Recent literature62,63 has focused on the ostial LVV morphology in humans. The larger anatomical studies5,6 found in this review indicated that the human LVV, when present, was typically a bicuspid semilunar valve. This would suggest that retrograde flow filling the valve sinuses is fundamentally responsible for the valve's mechanism, similar to venous valves.64,65 Of course the mechanism of the LVV is likely to vary with its morphology, but recent ultrasonography of the human LVV in vivo appears to show the valve functioning in a manner consistent with a semilunar morphology. 25 This is in contrast to the conventional ostial valve concept, which is based on the tension of the vein wall resulting in valve closure, rather than retrograde flow filling valve sinuses. 33 It is noteworthy that evidence for the ostial valve mechanism is largely based on canine studies 33 and no study reporting ostial LVVs has been able to clearly demonstrate the morphology in humans.33,34,38
The LVV is believed to safeguard the TD from blood reflux.7,47 The frequent absence of the LVV in humans is, therefore, interesting. Other factors may compensate for an absent valve, such as a ureterovesical junction-like mechanism,19,31 but functional studies are needed to confirm this. Alternatively, perhaps LVV absence implies blood reflux is not necessarily deleterious and may be a more physiological than a pathophysiological event.
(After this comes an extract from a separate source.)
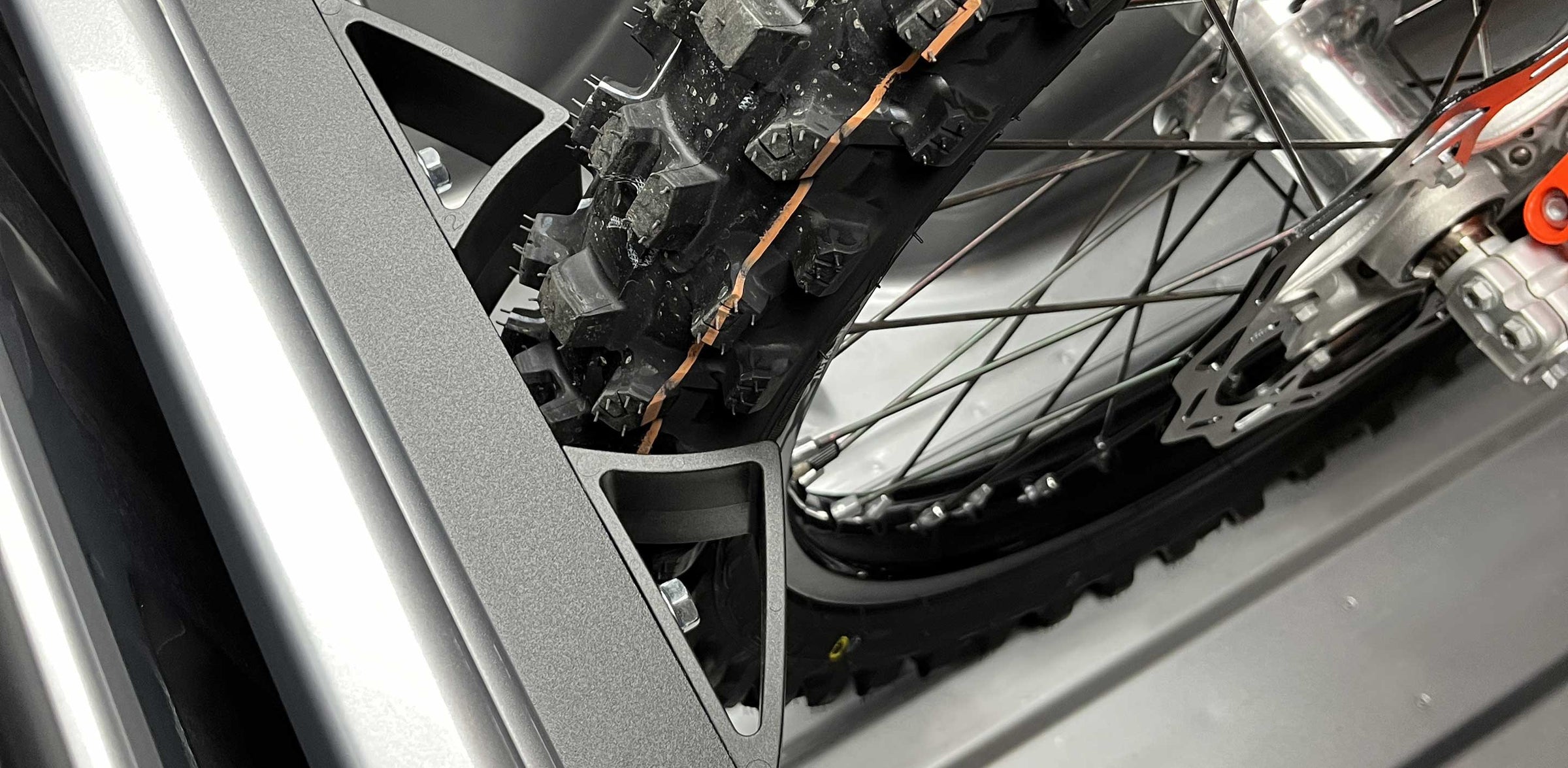Close-up of the front tire of a dirt bike secured with the Hybrid Moto Vise motorcycle wheel chock.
This review highlighted the large venous valves of the internal jugular and subclavian veins, which frequently overlie the LVJ. Further study is required to better understand the functional significance of these proximate venous valves. Knowledge of these valves may be relevant to the success of minimally invasive retrograde TD interventions.
It is noteworthy that this review yielded no clear and direct photographic depictions of the LVJ and LVV in humans. Histology, ultrasonography, comparative morphology, artists drawings, and author descriptions all offer glimpses, but because direct visual evidence of the structure is lacking, it is difficult to discern the precise structure and function of this part of the human body. Considering the growing clinical significance of the LVJ, further investigation of its fundamental form and function is merited. Only through dedicated in vivo studies, using sophisticated modern imaging techniques, such as high-definition ultrasonography, will it be possible to corroborate or refute the wide range of descriptions and concepts present in the literature.
Footnotes
Author Disclosure Statement
No competing financial interests exist.
Funding Information
No funding was received for this study.